Segment Start: PROVIDED DATA

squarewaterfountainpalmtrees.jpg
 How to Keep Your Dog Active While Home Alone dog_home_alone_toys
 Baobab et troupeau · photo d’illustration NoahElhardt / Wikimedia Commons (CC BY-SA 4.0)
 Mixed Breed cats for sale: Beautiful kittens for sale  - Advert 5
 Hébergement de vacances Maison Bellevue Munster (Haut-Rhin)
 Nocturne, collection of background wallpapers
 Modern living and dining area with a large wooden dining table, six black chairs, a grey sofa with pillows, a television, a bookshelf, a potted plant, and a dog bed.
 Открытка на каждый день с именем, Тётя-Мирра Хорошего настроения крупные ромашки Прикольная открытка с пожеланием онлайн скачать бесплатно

Segment End: PROVIDED DATA

*EXERCISE DIRECTIONS*. Each line in the listing above from the one containing "Nocturne, collection of" through the one containing "Modern living and" should be repeated exactly, and no other line.

*SOLUTION TO THE PROBLEM*.
 Nocturne, collection of background wallpapers
 Modern living and dining area with a large wooden dining table, six black chairs, a grey sofa with pillows, a television, a bookshelf, a potted plant, and a dog bed.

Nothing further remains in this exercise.